As many of you know, we moved into a beautiful zero lotline home at the end of June last year. In my former house, I had a big space on the side with tons of herbs, including some unusual ones. Just outside the back door was my "kitchen garden" in a pot: one or two basil plants, one sage plant, one oregano and some thyme that sort or wormed its way around beneath it all. I could lean out the back door and get what I needed for immediate needs, but in the side garden I grew enough basil to provide frozen pesto for the winter, and herbs to freeze or dry to get me through until the next year. 

Last year when we moved in I planted a few plants in the bed at the edge of the back patio, but something ate them. I planted a few in a pot but by then it was too hot for them to do well, but at least they escaped the herbivore, whatever it was. So this year, we got some very attractive pots, filled them with enriched potting soil and planted lots of herbs. I think I'll have enough for pesto, too. I got the irrigation system tech to make sure they'd be watered nicely.

One pineapple sage plant. It produces lovely red blossoms which are great in salads, and the leaves may not taste very pineapple-ish but they are very good. And then two regular sage plants. I really dislike dried sage that you buy, but I can cut this and hang it and find my home-dried sage quite acceptable.
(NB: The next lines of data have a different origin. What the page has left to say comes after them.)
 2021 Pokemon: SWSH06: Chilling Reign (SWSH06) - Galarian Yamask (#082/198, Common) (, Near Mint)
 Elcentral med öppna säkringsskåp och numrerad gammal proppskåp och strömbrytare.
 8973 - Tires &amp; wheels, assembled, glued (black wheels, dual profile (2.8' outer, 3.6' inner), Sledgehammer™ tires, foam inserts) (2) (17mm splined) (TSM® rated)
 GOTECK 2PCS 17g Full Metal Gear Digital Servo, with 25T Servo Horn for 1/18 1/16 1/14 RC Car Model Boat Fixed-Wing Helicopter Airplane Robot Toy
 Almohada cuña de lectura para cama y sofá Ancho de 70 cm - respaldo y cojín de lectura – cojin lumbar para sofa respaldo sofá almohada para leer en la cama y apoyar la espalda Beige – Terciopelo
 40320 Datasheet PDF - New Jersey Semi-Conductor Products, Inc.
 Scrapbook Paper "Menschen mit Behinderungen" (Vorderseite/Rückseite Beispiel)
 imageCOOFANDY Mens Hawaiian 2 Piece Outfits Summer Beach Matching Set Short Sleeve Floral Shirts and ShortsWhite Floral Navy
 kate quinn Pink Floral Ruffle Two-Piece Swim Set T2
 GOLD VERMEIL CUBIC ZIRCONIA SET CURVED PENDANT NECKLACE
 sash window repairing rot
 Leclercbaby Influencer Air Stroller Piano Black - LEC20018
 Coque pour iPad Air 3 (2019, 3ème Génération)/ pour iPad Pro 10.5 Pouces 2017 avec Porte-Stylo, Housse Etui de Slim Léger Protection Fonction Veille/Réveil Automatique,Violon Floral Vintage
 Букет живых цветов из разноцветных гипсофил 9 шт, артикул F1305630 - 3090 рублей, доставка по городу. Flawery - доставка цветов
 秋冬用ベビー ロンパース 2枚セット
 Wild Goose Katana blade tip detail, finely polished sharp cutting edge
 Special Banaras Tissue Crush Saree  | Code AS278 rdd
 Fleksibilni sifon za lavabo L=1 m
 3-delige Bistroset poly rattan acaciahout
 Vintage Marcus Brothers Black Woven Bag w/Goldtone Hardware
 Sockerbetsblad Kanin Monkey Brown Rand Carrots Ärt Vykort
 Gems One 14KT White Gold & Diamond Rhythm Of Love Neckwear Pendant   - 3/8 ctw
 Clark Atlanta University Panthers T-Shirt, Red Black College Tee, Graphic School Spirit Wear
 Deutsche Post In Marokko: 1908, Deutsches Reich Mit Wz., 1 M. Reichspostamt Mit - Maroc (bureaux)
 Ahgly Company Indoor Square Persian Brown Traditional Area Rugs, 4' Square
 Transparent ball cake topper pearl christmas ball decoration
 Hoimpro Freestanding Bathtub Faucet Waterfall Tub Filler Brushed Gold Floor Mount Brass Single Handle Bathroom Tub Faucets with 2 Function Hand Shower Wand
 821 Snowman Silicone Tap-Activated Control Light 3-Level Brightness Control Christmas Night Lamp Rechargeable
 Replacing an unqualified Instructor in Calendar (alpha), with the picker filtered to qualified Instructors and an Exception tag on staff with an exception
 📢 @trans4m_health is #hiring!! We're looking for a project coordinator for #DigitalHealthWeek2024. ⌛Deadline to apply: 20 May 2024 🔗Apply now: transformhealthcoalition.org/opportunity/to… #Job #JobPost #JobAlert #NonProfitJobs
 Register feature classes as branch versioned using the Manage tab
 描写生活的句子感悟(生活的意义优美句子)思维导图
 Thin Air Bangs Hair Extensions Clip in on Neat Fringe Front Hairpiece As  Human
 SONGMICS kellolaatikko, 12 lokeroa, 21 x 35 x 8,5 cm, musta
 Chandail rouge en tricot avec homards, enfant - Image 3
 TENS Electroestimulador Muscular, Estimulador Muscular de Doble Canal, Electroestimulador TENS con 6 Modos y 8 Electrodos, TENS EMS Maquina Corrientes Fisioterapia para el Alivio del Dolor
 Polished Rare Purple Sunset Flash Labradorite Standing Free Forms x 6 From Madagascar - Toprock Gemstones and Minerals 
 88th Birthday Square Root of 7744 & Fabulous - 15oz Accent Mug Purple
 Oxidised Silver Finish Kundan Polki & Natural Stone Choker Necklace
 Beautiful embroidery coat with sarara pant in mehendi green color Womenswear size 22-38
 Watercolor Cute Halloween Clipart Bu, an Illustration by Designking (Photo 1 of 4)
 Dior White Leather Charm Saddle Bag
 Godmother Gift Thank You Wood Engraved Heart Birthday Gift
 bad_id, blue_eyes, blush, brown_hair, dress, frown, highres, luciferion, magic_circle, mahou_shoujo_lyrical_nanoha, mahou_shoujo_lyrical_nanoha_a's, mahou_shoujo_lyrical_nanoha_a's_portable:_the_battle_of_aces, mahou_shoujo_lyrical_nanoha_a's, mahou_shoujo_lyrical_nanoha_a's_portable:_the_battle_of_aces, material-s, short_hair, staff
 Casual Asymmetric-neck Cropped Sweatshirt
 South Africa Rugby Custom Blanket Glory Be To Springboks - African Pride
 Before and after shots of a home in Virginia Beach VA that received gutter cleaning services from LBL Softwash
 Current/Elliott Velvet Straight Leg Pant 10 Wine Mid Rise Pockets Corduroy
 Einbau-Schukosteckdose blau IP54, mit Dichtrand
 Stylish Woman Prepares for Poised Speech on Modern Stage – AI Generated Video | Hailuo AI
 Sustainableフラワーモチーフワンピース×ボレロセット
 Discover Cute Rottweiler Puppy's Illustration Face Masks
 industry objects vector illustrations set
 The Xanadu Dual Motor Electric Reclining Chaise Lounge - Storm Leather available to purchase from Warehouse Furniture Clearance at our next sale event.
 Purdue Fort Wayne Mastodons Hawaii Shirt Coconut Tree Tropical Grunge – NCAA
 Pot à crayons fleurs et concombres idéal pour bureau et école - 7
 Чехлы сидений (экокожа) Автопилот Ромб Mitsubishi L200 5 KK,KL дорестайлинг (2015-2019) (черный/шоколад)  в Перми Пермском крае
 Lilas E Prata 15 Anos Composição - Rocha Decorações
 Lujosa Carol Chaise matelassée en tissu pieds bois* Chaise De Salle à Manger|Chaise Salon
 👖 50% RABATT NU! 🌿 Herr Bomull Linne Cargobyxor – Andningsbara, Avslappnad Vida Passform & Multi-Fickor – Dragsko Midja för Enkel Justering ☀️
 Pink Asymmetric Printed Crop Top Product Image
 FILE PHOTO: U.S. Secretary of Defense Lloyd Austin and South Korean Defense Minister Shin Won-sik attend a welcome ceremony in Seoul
The two  plants will give me more than I need to cook with and I will cut tops off to dry. That way the plants will bush out and give me way more sage than I'll need for the summer. And it will come back next year!

Basil. This may be a bit crowded. I have six regular basil plants arranged around the back. In front are one cinnamon basil, one Thai basil and one lemon basil. I'm pretty sure I have too much in this pot but if I keep them trimmed back, which I will, since basil is my very favorite herb, they should be okay.

One Greek oregano plant, one thyme plant and one rosemary. The oregano won't spread much. The thyme will, but it will be low. The rosemary will also grow into a big bushy plant, but there should be plenty of room in the pot for it.  It may live over the winter but if not, will come back next year.

And the last is out in the full sun. Mint. No self-respecting Louisville girl would have a garden without mint. For juleps of course. And lamb. But you gotta keep it in a pot or the entire neighborhood will soon be one big mint bed. Well maybe I exaggerate. But not by much! I will keep you posted as the summer progresses!